**Source material**
=-=-=-=-=

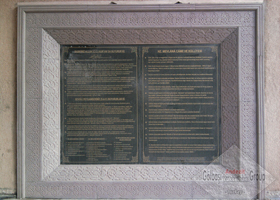 ANDEZİT ÖZEL UYGULAMA - 9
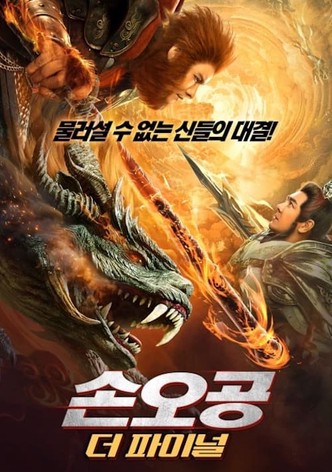 손오공: 더 파이널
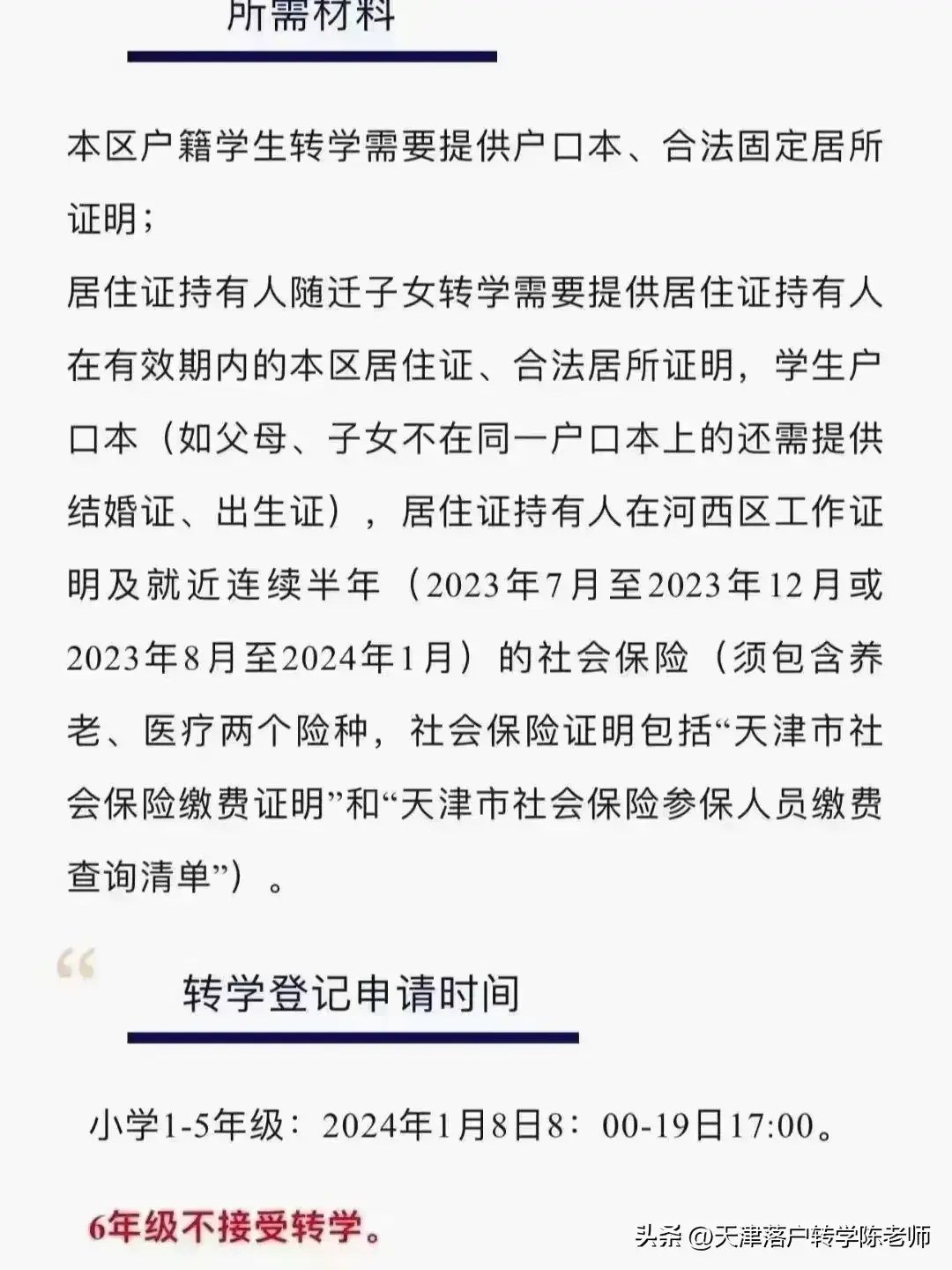 小学转学最晚在几年级,0,7,-1,本市小学转学最晚在几年级(天津小学转学最晚在几年级...,https：//www.wyfx2014.com/news/143148.html_天津转小学最晚几年级_小学转学天津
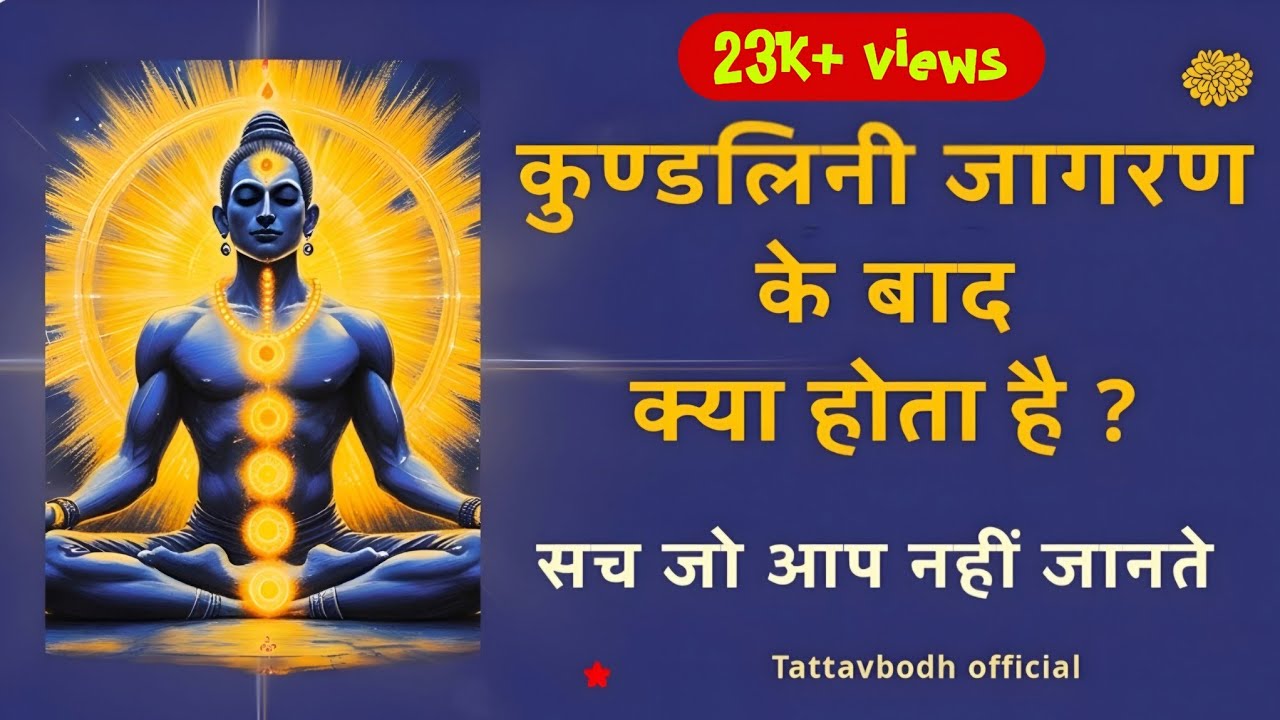 सिर्फ 1% लोगों की कुंडलिनी जागती है, और फिर जो होता है... | The 1% Experience...  #Kundalini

=-=-=-=-=

The entire listing above, word for word and without pictures, is what should be output.

 ANDEZİT ÖZEL UYGULAMA - 9
 손오공: 더 파이널
 小学转学最晚在几年级,0,7,-1,本市小学转学最晚在几年级(天津小学转学最晚在几年级...,https：//www.wyfx2014.com/news/143148.html_天津转小学最晚几年级_小学转学天津
 सिर्फ 1% लोगों की कुंडलिनी जागती है, और फिर जो होता है... | The 1% Experience...  #Kundalini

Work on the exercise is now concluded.